6/10
Slickly Done Shoot'em Up
26 October 2014
Warning: Spoilers
Director William Kaufman's "One in the Chamber" is a nimble, respectable, bullet-riddled, little shoot'em up, with Oscar winner Cuba Gooding Jr. and "Expendables" star Dolph Lundgren as two hired trouble-shooters gunning for each other in the middle of a Russian mob war in post-Socialist Prague. About an hour into the action, Cuba and Dolph mix it up in a reasonably exciting fight, with Cuba delivering spinning kills a la Jean Claude Van Damme. The opposing sides of the Czech mob war are headed up by genre regular Louis Mandylor and Andrew Bicknell. Mikhail Suverov (Andrew Bicknell) and brother Bobby (Leo Gregory) hire Ray Carver (Cuba Gooding Jr.) to rub out Vlad Tavanian (Alin Panc) and Demyan Ivanov (Louis Mandylor), but Ray misses Demyan. This is one of the early scenes in "One in the Chamber" and Cuba is ice cool as an assassin with a .50 caliber sniper rifle who nails what he shoots at until Demyan seizes an innocent bystander of a girl as a shield. Demyan hires a troubleshooter called the Wolf, Aleksey Andreev (Dolph Lundgren), to eliminate the Suverovs. Ray is haunted by a job where he killed a man perusing the Bible and then refused to kill a small girl.
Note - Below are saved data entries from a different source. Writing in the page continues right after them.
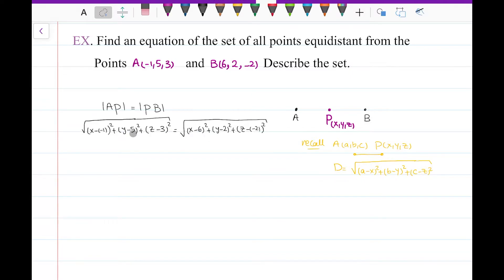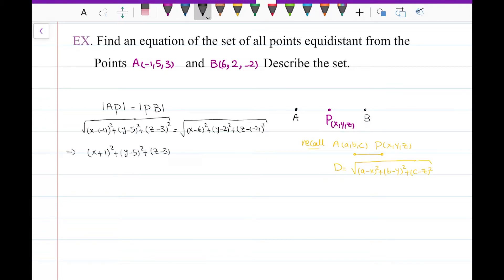Now I need to solve this equation to find x, y, and z. I have a square root of something equal to the square root of another thing, so I square both sides to get rid of the square roots. I get (x plus one) squared plus (y minus five) squared plus (z minus three) squared equal to (x minus six) squared plus (y minus two) squared plus (z plus two) squared.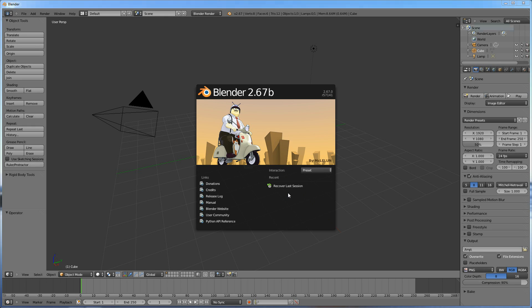Hello and welcome to another Blender Absolute Beginner tutorial. Every time I say that it's kind of a mouthful.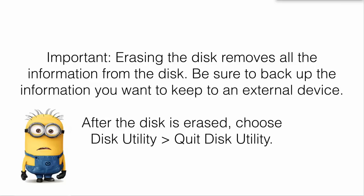It's important that erasing the disk removes all the information from the disk, all your information, all your data. It's all gone. So be sure to back up the information you want to keep on an external device, a flash drive, another hard drive, whatever.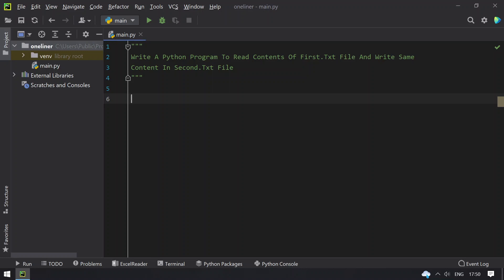There is a link in the description. I have made a video on that, so you can refer to that. But here I'll be using only one line code, that is using shutil and copy. So let me start with the programming.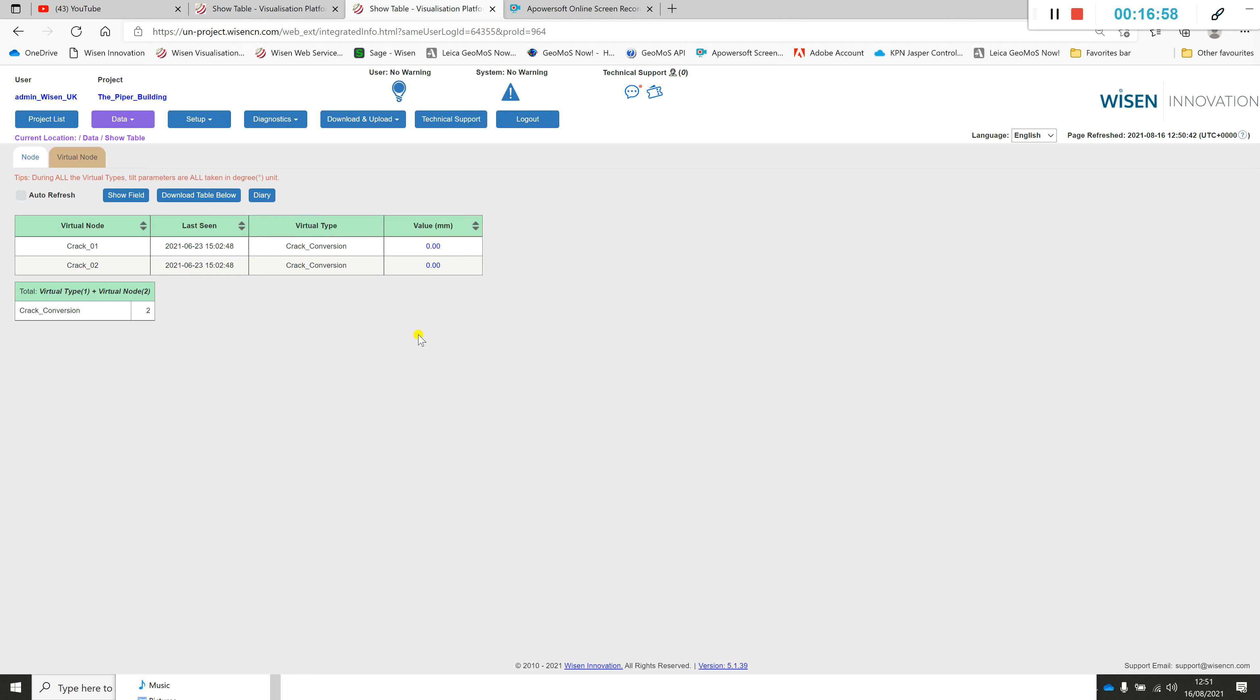This concludes how to set up the Wisen web portal for vibrating wire crack meters.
He runs across this girl and she recognizes her family Bible. Things get complicated when Mikhail abducts Janice Knowles (Claudia Bassols) and Ray goes after them. Kaufman stages the firefights well enough and the Romanian scenery is diverting. The narrative is strictly formulaic, but "One in the Chamber" is tolerably entertaining nonsense. Dolph steals the show with his larger-than-life hit-man in a Hawaii shirt and a fedora. For the record, Ray has the chance to kill Aleksey, but he refuses to, and Aleksey visits him at fade-out to ask why. Ray explains that he wasn't paid to kill him. The two vow to join forces in the future. Louis Mandylor makes a good psychotic villain.